Part of the whole point of the Fermi “paradox” is that we shouldn’t have to look that hard to find alien life, it should be obvious and probably already here. Not as visitors who stop by for tea, but as colonists that set up shop millions of years ago.

I have some plans for redecorating the neighborhood, if we continue to advance as a technological species, and those decorations would be very visible from across the galaxy, even across the visible universe. The assumption is, if alien intelligence is common, then at least one other alien species out there would have the same drives as we do, and would have done millions of years ago what Musk and Bezos are planning on doing.

Studying changes in the atmosphere of the exoplanet in question remain your best bet, via spectrography or such, tho of course the detection distance would be relatively limited. Are they any gases or pollutants which are mostly or exclusively of non-natural origin?

AKA octopi
:wink:

I suspect not. Even chlorofluorocarbons might be generated naturally by a biosphere that is sufficiently different from our own. Biological processes could conceivably refine and utilise halogens, either as an unwanted waste product or as an essential part of their metabolism.

Weird molecules might be suggestive of the presence of a civilisation, but they could also be biomarkers from biochemical processes we don’t recognise yet. Always beware of false positives.
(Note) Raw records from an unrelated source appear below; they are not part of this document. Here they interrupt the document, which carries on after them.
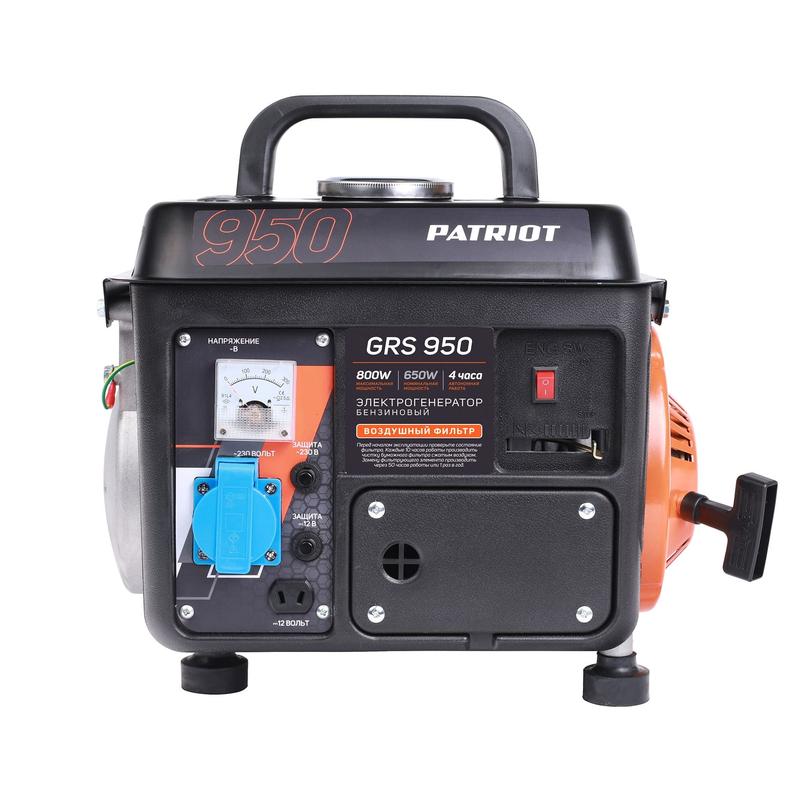 Бензогенератор GRS 950 PATRIOT 476102219 Бензогенератор GRS 950 PATRIOT 476102219
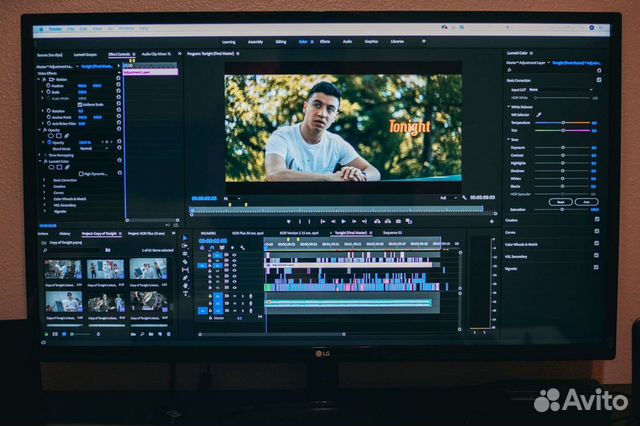 Монтаж видеороликов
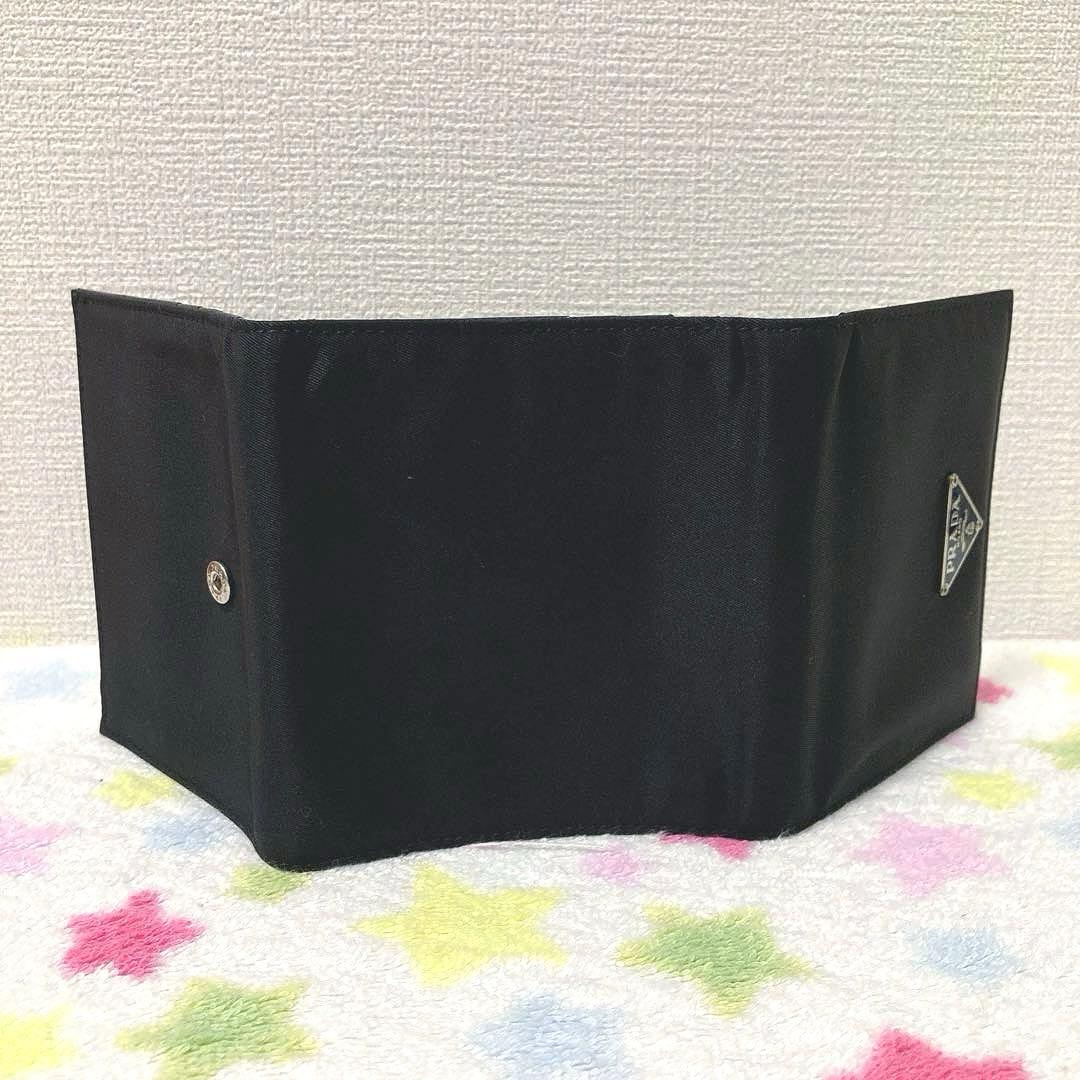 ★美品★PRADA★プラダ★ナイロン★三つ折り財布★ブラック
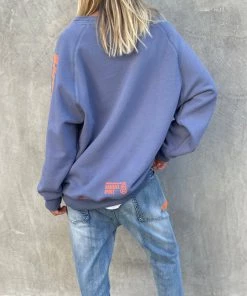 Hammill + Co V Neck Sweat | Blue | HC25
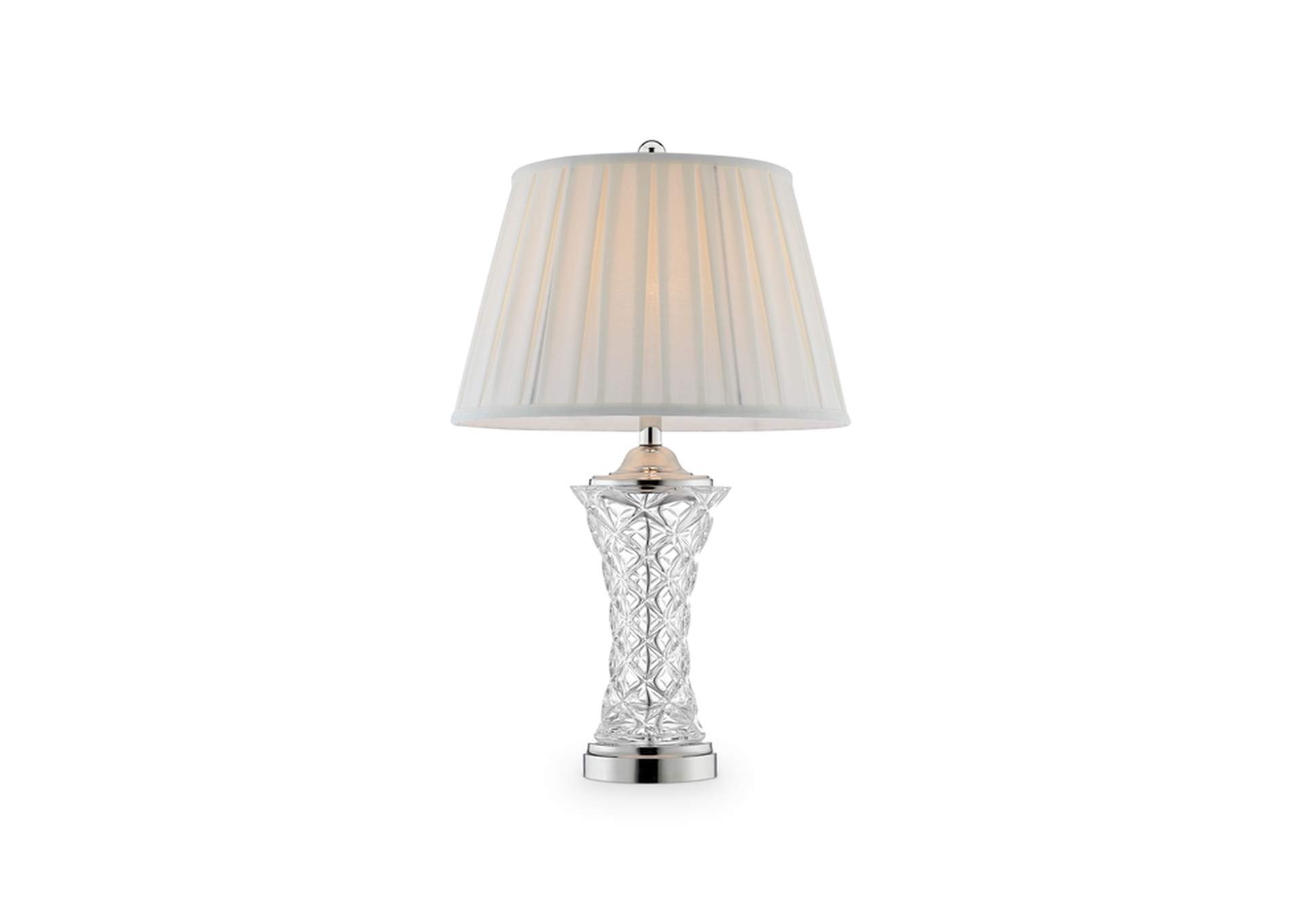 28.5" H Crystal Glass Table Lamp,Homelegance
True, as I said upthread CFC’s could be an indication of technological life, or they could be an indication of a natural way of making them that we don’t know yet.

Either way, if we detect them in the atmosphere of a planet, it certainly bears some intense study.

Other than that, changes over time may give us some ideas. If we see a planet, over the course of a few decades, rapidly change from a freezing airless ball to something that could sustain liquid water at the surface, then that is either an indication of terraforming, or another biological process that we do not understand yet.